Suena
el despertador, el cansancio pretérito se difunde por la superficie de su
almohada. Le cuesta levantarse, es sábado y la noche ha dejado mojadas las
calles de su pueblo. Sabe que necesitará el frío que emana del suelo, para
despertar sin aspavientos. Primero el pie derecho, luego el izquierdo. Por
proximidad, no por superstición. Abre repentinamente los ojos y sabe que su
pelo enmarañado espera una sesión de agua gélida, para recuperar su forma
estética. No obstante, no le preocupa demasiado. Necesita su bol de cereales y
jugar con su perra. Apenas sabe diferenciarla de la misma cachorrilla que 16
años atrás, salvó de ser sacrificada. Tiene la misma energía y efusividad
canina, a pesar de mostrar algunas carencias visuales y achaques de la edad. La
quiere como al primer día, a pesar de no verla con la misma frecuencia. Recuerda
que debe encontrar un libro. Rebuscar por las estanterías y los cajones, entre
un sinfín de títulos y obras, aquel primer ejemplar. No hay suerte con los
lugares más probables. Prueba en el armario de su antigua habitación, cajas y
libretas de su época de bachiller. Rebuscando en una de las cajas, encuentra un
tesoro: su peonza. Y entonces, todo se distorsiona. La alcanza, con su cuerda
original, que retuerce alrededor de su tez de madera. Al salir de la
habitación, la perra lo sigue y se agarra a su pierna con juvenil efusividad,
su hocico parece más chato, su pelaje más brillante y suave. Le hinca el diente
en el tendón de Aquiles y nuestro protagonista emite una leve y aguda queja.
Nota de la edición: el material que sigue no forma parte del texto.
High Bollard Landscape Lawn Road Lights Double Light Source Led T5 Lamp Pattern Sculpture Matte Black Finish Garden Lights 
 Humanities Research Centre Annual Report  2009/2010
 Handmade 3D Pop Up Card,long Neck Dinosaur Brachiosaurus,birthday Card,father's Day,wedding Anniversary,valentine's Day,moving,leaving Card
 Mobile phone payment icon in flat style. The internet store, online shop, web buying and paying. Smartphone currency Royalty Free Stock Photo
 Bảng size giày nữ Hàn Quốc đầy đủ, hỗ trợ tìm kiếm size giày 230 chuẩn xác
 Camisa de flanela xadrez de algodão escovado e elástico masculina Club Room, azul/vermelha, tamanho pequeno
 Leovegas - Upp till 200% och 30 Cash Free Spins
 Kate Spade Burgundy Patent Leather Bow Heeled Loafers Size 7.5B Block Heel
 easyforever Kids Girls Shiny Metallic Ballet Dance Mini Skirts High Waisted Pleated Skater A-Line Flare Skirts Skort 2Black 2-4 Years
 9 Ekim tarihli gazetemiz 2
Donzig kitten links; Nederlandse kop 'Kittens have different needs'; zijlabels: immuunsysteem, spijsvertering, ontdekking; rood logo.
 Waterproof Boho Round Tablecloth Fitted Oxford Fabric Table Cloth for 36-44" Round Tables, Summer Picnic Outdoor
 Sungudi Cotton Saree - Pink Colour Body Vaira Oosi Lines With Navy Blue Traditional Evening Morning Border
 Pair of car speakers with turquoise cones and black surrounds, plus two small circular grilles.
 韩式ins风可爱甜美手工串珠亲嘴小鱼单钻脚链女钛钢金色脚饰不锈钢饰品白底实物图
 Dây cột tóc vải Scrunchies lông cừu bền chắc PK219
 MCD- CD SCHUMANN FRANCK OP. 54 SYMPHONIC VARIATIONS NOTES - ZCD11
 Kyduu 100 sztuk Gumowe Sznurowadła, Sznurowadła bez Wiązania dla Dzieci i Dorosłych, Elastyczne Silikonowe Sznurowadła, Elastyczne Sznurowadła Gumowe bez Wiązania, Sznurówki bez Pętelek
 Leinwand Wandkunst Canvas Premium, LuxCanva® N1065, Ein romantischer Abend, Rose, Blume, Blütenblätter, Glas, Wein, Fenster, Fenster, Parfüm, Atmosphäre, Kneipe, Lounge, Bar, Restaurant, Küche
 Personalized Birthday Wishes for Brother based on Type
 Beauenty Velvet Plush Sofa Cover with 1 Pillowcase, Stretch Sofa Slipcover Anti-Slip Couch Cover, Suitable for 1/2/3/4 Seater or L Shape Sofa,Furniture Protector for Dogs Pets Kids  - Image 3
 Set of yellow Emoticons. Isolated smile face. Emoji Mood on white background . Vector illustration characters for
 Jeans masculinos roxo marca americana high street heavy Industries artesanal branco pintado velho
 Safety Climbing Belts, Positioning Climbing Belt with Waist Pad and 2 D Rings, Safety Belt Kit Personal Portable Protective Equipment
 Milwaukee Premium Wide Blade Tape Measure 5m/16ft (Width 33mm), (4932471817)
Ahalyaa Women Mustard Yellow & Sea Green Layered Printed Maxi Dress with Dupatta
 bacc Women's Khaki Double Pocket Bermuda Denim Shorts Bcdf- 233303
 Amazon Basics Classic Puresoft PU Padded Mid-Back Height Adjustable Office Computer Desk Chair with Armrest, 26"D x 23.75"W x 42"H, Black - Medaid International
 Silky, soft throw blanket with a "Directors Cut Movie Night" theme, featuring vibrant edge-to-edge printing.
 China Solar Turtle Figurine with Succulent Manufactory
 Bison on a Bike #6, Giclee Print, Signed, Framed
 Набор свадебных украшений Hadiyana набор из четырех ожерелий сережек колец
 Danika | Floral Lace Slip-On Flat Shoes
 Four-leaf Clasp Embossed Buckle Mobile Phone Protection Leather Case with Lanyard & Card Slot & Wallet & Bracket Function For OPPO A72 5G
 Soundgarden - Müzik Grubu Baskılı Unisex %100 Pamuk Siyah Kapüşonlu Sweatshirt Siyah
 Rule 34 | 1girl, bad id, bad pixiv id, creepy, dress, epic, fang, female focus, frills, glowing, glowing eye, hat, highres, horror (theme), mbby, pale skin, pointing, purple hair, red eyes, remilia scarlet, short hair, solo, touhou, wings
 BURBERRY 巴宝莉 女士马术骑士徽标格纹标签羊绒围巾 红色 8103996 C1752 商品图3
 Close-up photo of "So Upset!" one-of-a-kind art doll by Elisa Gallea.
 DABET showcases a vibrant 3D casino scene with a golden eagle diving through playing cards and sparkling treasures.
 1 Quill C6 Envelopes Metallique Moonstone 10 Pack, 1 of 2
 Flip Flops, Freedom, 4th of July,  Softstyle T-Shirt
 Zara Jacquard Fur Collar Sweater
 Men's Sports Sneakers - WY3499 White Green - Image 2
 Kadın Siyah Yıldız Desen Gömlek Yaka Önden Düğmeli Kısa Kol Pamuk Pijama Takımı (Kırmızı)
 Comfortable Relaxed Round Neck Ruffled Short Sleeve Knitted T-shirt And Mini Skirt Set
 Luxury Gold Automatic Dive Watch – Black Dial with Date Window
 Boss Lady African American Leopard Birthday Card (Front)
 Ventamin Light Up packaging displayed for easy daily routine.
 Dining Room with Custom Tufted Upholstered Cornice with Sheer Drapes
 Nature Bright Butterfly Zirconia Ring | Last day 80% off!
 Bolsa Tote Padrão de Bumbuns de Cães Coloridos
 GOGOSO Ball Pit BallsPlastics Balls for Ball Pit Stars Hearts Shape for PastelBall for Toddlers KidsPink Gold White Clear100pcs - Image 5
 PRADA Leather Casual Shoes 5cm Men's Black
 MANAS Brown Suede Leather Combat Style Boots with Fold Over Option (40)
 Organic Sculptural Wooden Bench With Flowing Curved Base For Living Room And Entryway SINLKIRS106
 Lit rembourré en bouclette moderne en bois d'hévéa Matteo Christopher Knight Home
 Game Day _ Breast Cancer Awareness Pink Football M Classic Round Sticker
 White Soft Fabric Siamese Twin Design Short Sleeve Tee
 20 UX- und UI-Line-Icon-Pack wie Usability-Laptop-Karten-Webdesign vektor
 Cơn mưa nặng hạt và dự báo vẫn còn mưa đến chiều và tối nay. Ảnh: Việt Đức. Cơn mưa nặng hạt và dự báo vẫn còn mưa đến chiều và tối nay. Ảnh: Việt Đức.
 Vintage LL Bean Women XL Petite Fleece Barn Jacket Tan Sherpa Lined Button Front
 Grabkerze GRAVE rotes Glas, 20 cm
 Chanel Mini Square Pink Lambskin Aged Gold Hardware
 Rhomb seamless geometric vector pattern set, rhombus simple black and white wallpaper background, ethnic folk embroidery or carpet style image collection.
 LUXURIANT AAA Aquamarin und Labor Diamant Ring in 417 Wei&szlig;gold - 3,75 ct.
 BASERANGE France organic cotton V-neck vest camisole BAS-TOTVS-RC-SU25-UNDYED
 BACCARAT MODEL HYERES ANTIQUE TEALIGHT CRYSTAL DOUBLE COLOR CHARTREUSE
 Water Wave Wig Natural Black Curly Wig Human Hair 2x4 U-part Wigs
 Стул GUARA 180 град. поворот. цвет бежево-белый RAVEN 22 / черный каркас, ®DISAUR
Está
impaciente por lanzar la peonza, con aquellos colores granates, naranjas y azul
turquesa con los que la había decorado. Tan impaciente está que, tras seis o
siete intentos, tras haberla hecho girar al revés o hacerla caer al suelo sin
espín alguno, se queda embelesado contemplando el giro uniforme de su peonza,
mientras, con cada vuelta, el chico siente sus huesos crecer y contempla la
belleza con la que su perra ha crecido, todos estos años.